Thursday, September 25, 2008
Philosophically, I'll almost always come out on the side of free markets and reduced control and spending by the government. Besides, I can't escape the feeling that things are not as bad as they are painted. I believe that prices have been driven down to an extreme, such that once the fear recedes, issues would be priced considerably higher and a good, free market bounce could occur. After all, mortgages are going for $.20 on the dollar, and I can’t believe that many mortgages will foreclose, not to mention that the residual value of properties that do foreclose should be at least 70-80 % of the mortgage value.
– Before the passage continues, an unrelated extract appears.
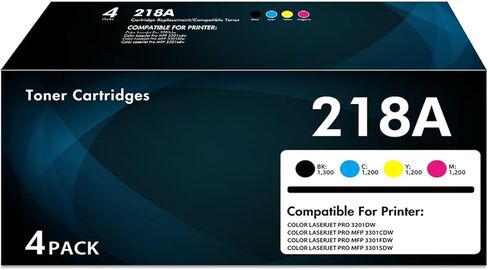 218A Toner Cartridges 4 Pack 3301fdw Compatible for 218A 218X for Pro Color Laser Pro 3201dw MFP 3301 Series 3301fdw 3301sdw 3301cdw Printer Ink W2180A W2180X with Chip ( Black Cyan Yellow Magenta ) in Saudi Arabia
On the other hand, I'm not really familiar first hand with the conditions in the money market. Those who are and have the economics background to interpret what they see, for the most part, say the markets are grinding to a halt. And, at a certain point, fear begets fear, driving irrational markets to even more irrational pricing and spilling over into seemingly unrelated areas. I'm reminded of my Dad's summary of the Great Depression..."Most people had no money, and those that did were afraid to spend or invest for fear things could get worse. So, everything just ground to a halt." That sounds eerily familiar these days, although obviously that attitude is mostly on Wall Street so far, and the general economy is nowhere near those conditions. But, following the fear begets fear rationale and the tendency to spill over, it is possible to see that shaping up. And, that fear spiral is difficult for any company or individual to reverse. Perhaps that is a role of government.
Meanwhile, I can't escape the conclusion that government regulation has contributed to the situation with the "mark to market" regulations, and government encouragement of questionable borrowing. And if I’m right that the market has been driven far below rational pricing, could it be that government could not only reverse the market psychology but make a substantial profit in the deal? Ok, given usual government performance, that seems too good to be true! Even so, I’m convinced that anything that can reverse the market psychology could return us to a positive future path rather quickly and possibly avert a rather dismal period.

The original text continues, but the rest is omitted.